§ What you are asked to do:
Excerpt from the entries below: please repeat exactly the lines from the one containing "Commercial Box Gutters" through the last one, both ends included, with no pictures.

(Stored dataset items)
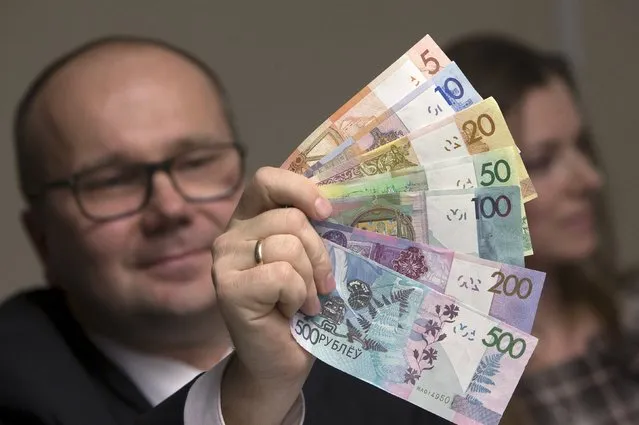 Deputy Chairman of the Board of the National Bank of the Republic of Belarus Dmitry Lapko displays a sample banknote during a news conference in Minsk, November 10, 2015. Belarus plans to lower the denomination of the Belarusian rouble by July 1, 2016, according to local media. (Photo by Vasily Fedosenko/Reuters)
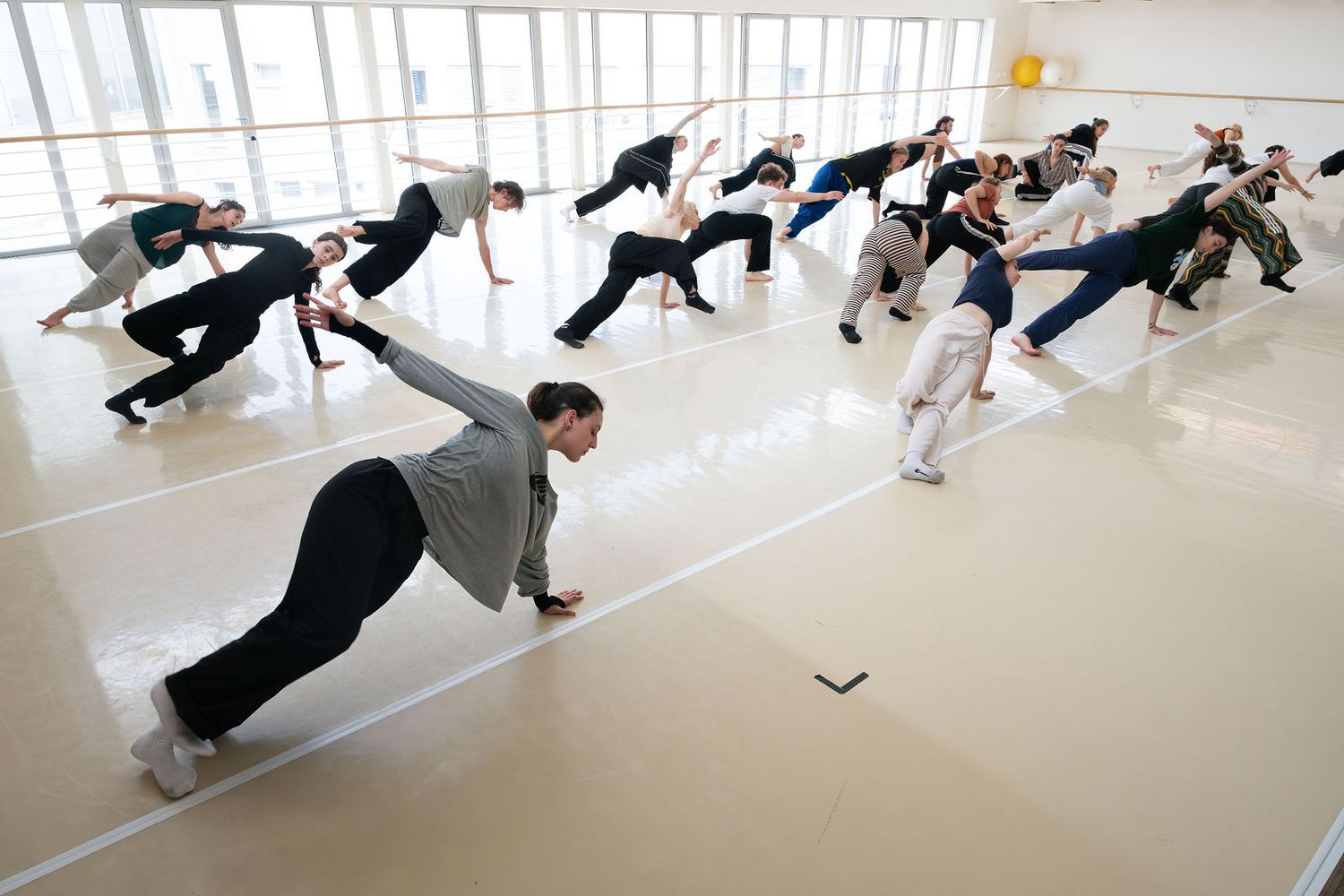Group of dancers practicing contemporary dance moves in a bright studio with mirrored walls and wooden floors.
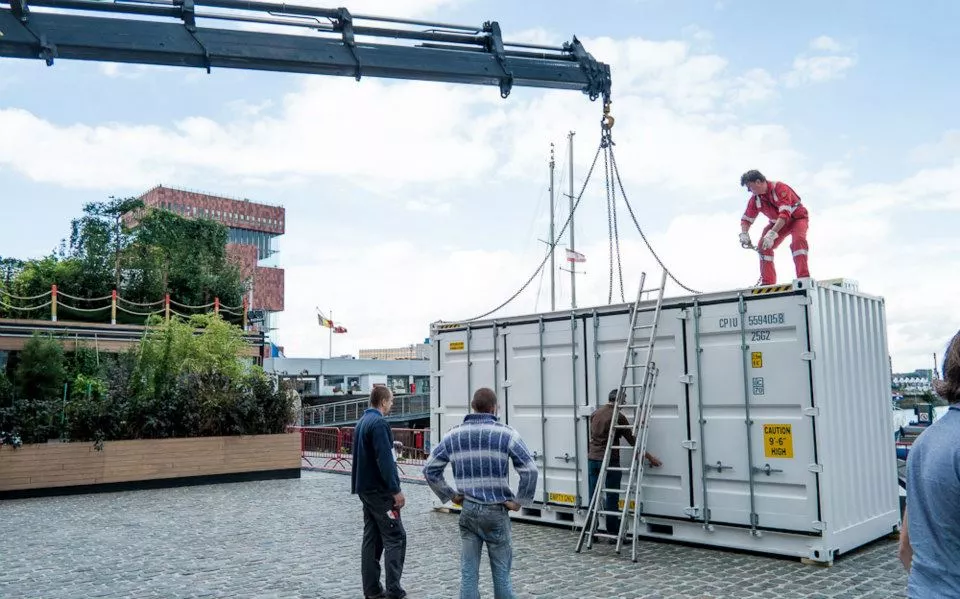 Since it takes up much less space, the various rooms could be set down outside a concert, in a park, or even on a bustling city street, all in a matter of hours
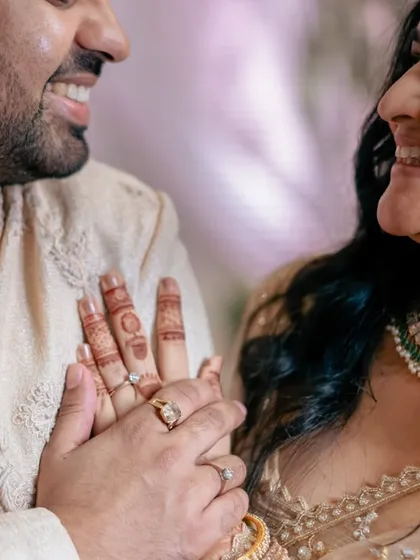 A close-up of the couple's hands and smiling faces after the ring exchange, a perfect symbol of their new commitment.
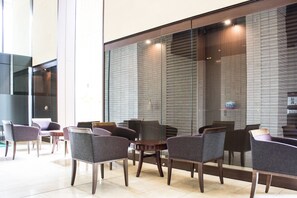 A modern interior with seating arrangements and a large glass wall. - Hotel Bestland (Tsukuba)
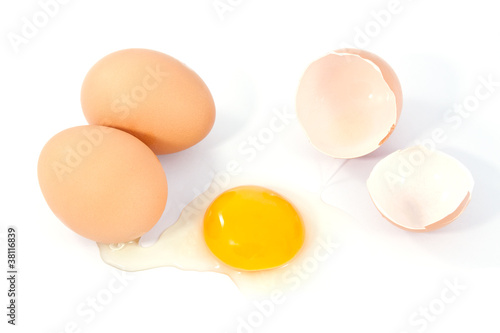 eggs on a white background. One egg is broken.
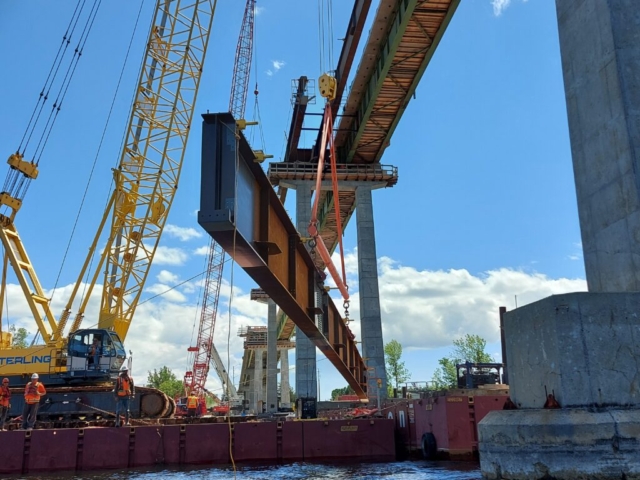 Sideview of the approach girder being lifted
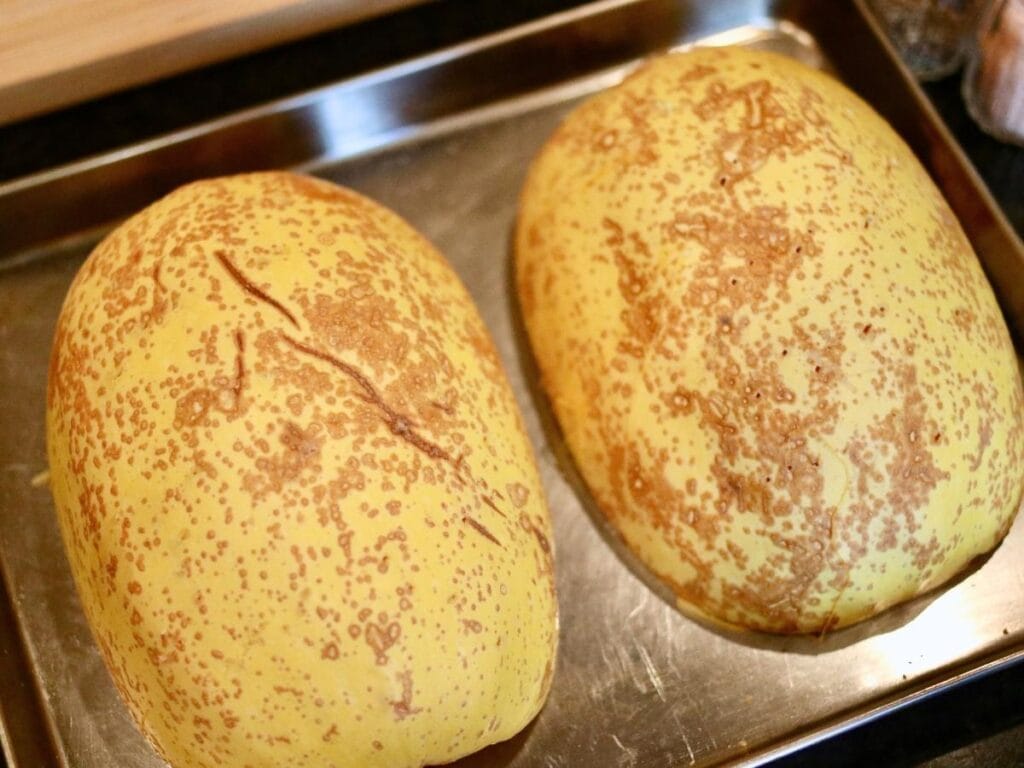 Spaghetti squash halves face down on a baking sheet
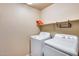 Functional laundry room with appliances, overhead shelving and lots of storage space at 13585 N 87Th Dr, Peoria, AZ 85381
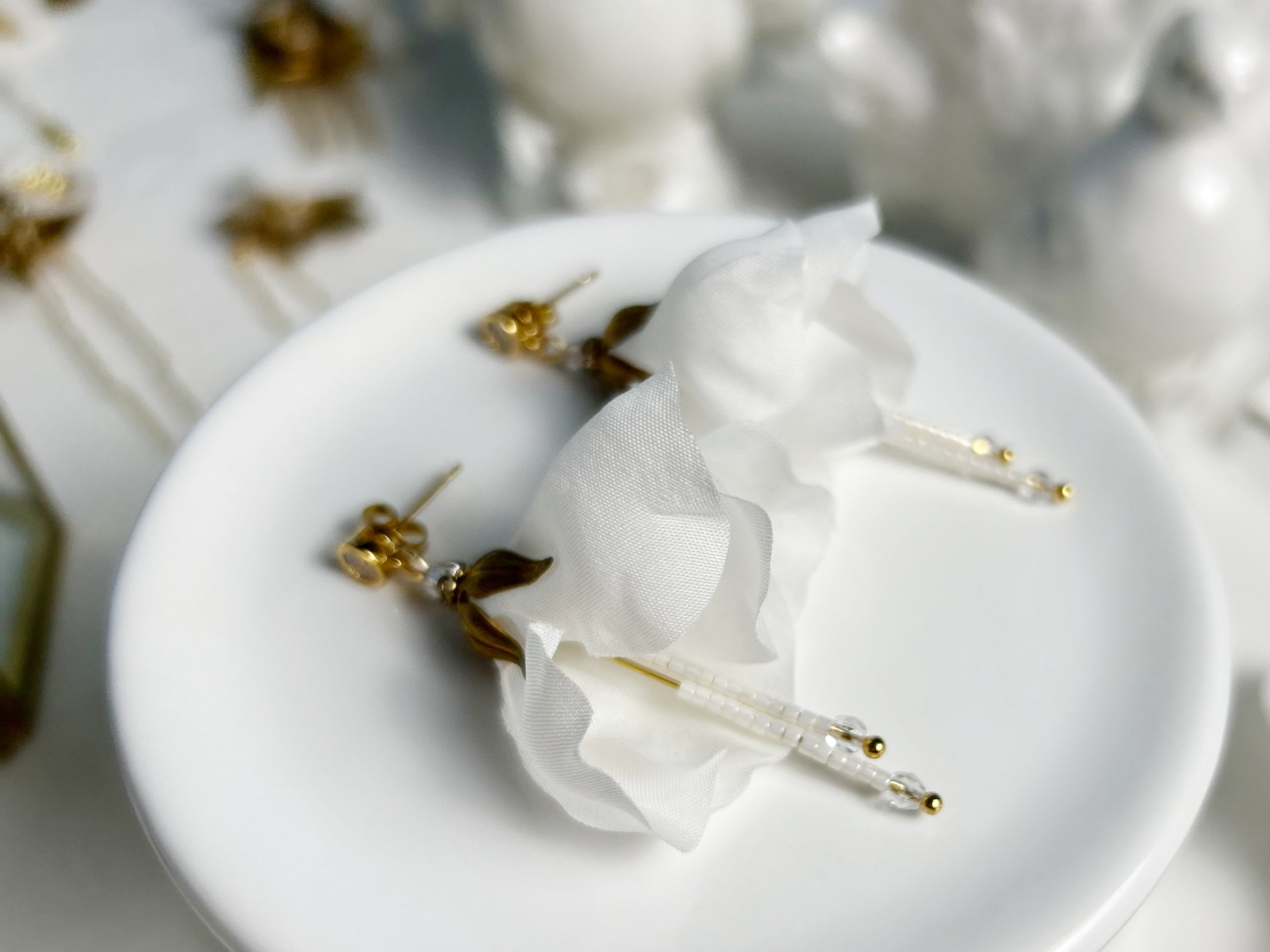 White earrings with gold accents on a white plate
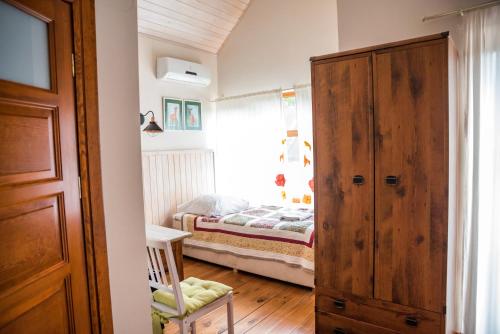 a small bedroom with a bed and a wooden door at Ostoja Wigierski in Mikolajewo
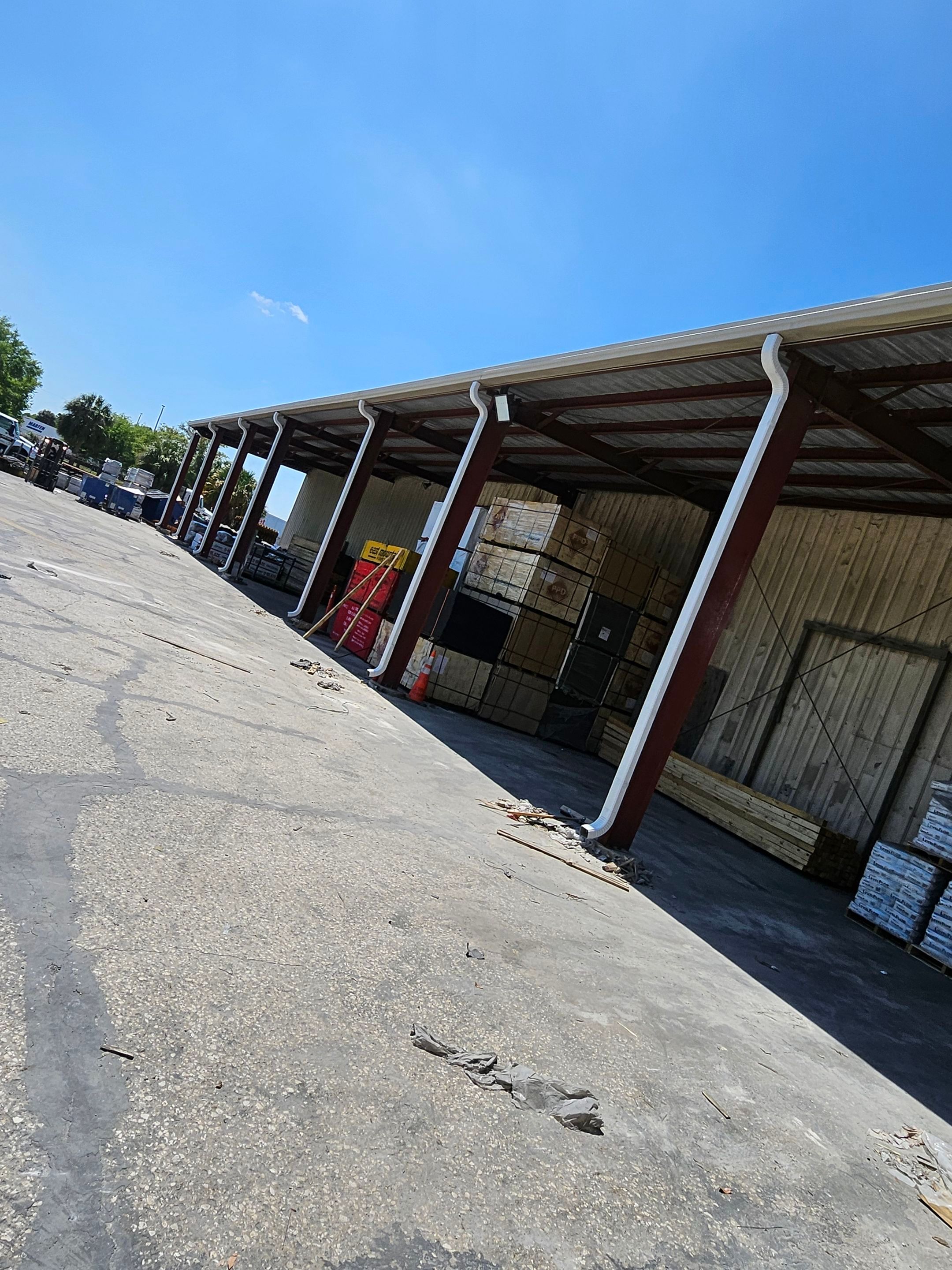 Commercial Box Gutters and White Downspouts Installation in Tampa FL by Gutter Professors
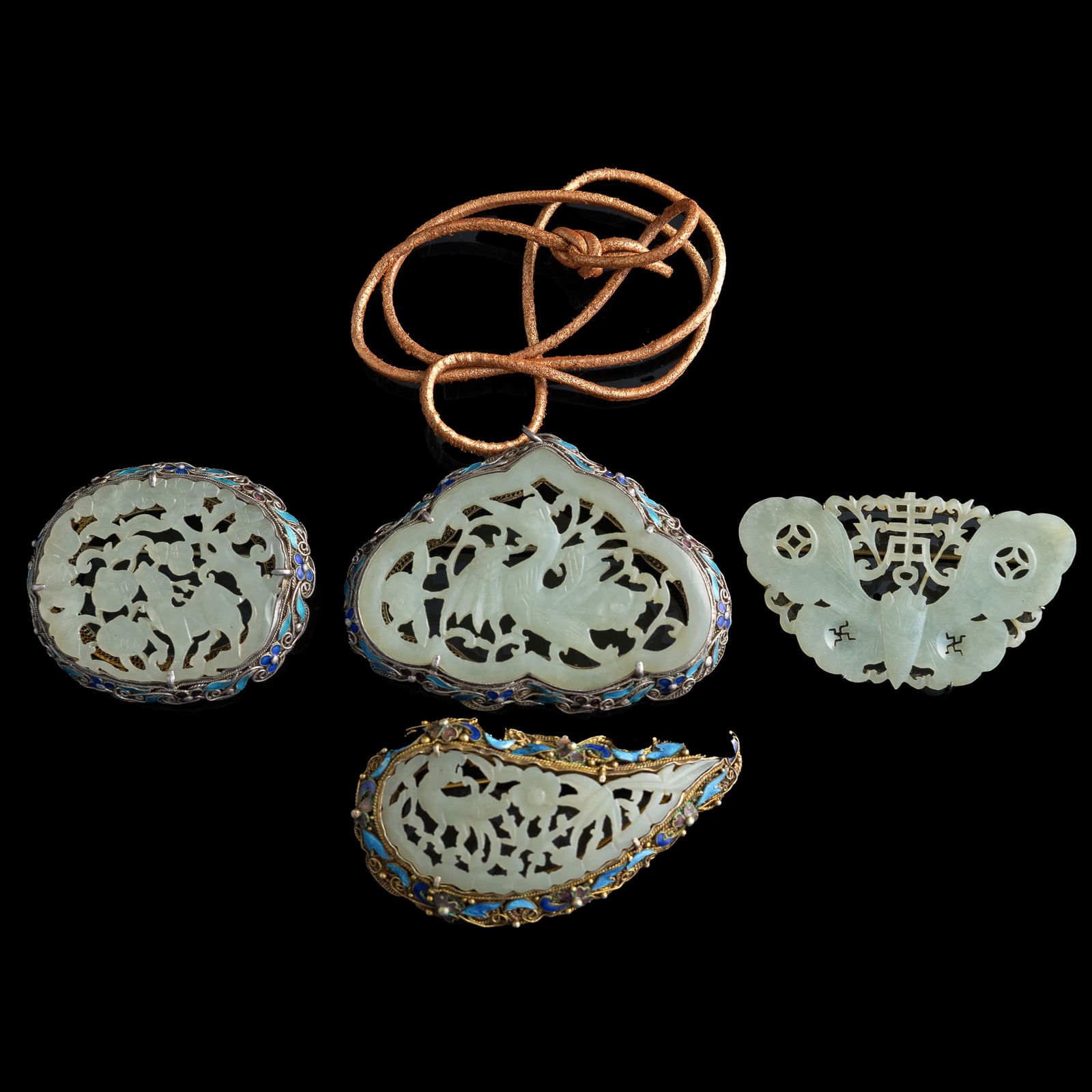 Four Chinese silver-encased jade brooches, 19th century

§ Result of the task:
 Commercial Box Gutters and White Downspouts Installation in Tampa FL by Gutter Professors
 Four Chinese silver-encased jade brooches, 19th century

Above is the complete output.